Personaggi e interpreti
Come spiegare ai cittadini che devono rispettare le leggi mentre i loro rappresentanti sfuggono?
La lezione dimenticata di Tangentopoli
C'era una volta Tangentopoli. C’erano una volta i partiti che consideravano le istituzioni come un bancomat personale, i salotti del potere in cui le mazzette passavano di mano in mano, i magistrati costretti a inseguire fantasmi protetti dallo scudo dell’immunità parlamentare. Poi arrivò Mani pulite. E il muro di gomma che fino a quel momento aveva protetto i politici da ogni azione giudiziaria crollò, investito da un’ondata di indignazione popolare che spazzò via la Prima Repubblica. Era il 1993 quando il Parlamento abolì finalmente il meccanismo che garantiva l’immunità a deputati e senatori. Fino a quel momento, i magistrati dovevano chiedere l’autorizzazione a procedere per indagare su un parlamentare. Nella stragrande maggioranza dei casi, la risposta era un secco no. Tangentopoli rivelò quanto quella norma fosse diventata il simbolo dell’impunità di una classe politica che si autorigenerava senza alcun freno.

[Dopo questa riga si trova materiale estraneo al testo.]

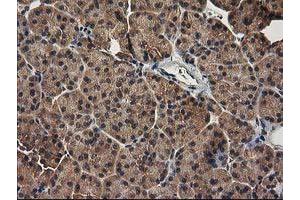 Image no. 2 for anti-Tubulin Folding Cofactor E-Like (TBCEL) antibody (ABIN1501326) (TBCEL 抗体)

Oggi Forza Italia prova a riavvolgere il nastro, riproponendo senza alcun pudore un ritorno al passato, e rilancia l’idea di reintrodurre l’immunità per parlamentari e membri del governo con la consueta narrazione vittimistica: la politica sarebbe sotto attacco da parte della magistratura, i parlamentari rischierebbero di essere perseguitati da inchieste faziose e strumentali. La giustizia, insomma, diventerebbe un’arma nelle mani di pubblici ministeri animati da furore ideologico. Peccato che la storia racconti altro. Peccato che, da quando l’immunità è stata abolita, nessun esponente politico abbia subito persecuzioni di massa, nessun partito sia stato annientato dai tribunali, nessuna democrazia sia stata stravolta dalle inchieste. Anzi, semmai, si è visto il contrario: politici che, nonostante condanne definitive, sono rimasti saldamente al loro posto, difesi da leggi ad personam e da cavilli burocratici.

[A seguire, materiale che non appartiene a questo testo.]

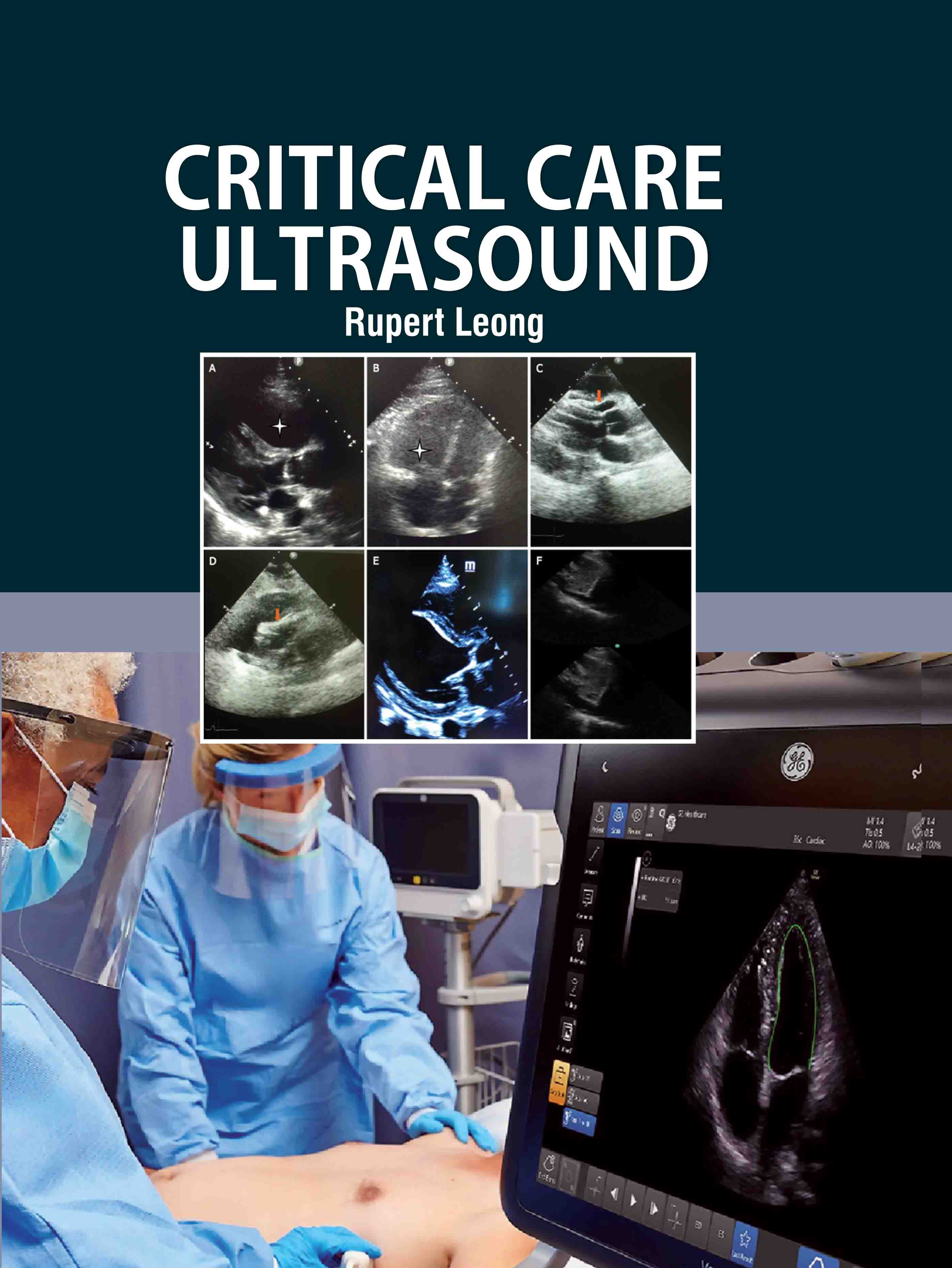 Critical Care Ultrasound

Eppure c’è chi, nel centrodestra, cerca di rimettere in piedi una protezione speciale per chi siede in Parlamento e al governo, come se il ruolo istituzionale conferisse un diritto di impunità perenne. Un messaggio devastante in un Paese in cui la fiducia nelle istituzioni è già ai minimi storici. Come si può spiegare ai cittadini che devono rispettare le leggi mentre i loro rappresentanti possono tornare a godere di una corsia preferenziale per sfuggire ai processi? L’ipocrisia di questa operazione emerge con ancora maggiore evidenza se si guarda alle recenti polemiche tra Giorgia Meloni e la magistratura. La presidente del Consiglio ha attaccato il procuratore capo di Roma, Francesco Lo Voi, insinuando che la sua decisione di trasmettere al Tribunale dei ministri la denuncia ricevuta contro di lei e contro due ministri e il sottosegretario Mantovano sia stata una mossa politica contro il governo. Un’accusa paradossale, considerato che a presentare la denuncia è stato un ex esponente del Movimento Sociale Italiano e che Lo Voi è sempre stato iscritto alla corrente di destra della magistratura. È la controprova, se ce ne fosse bisogno, che la narrazione del centrodestra si basa su un vittimismo costruito ad arte. Se persino un magistrato con un profilo moderato diventa un bersaglio, allora è evidente che l’intento è quello di delegittimare l’intero sistema giudiziario. Il tentativo è chiaro: ridisegnare un sistema in cui la politica torna a essere una casta inavvicinabile, blindata dalle inchieste, libera di agire senza il timore delle conseguenze. La lezione di Tangentopoli, a quanto pare, non è servita.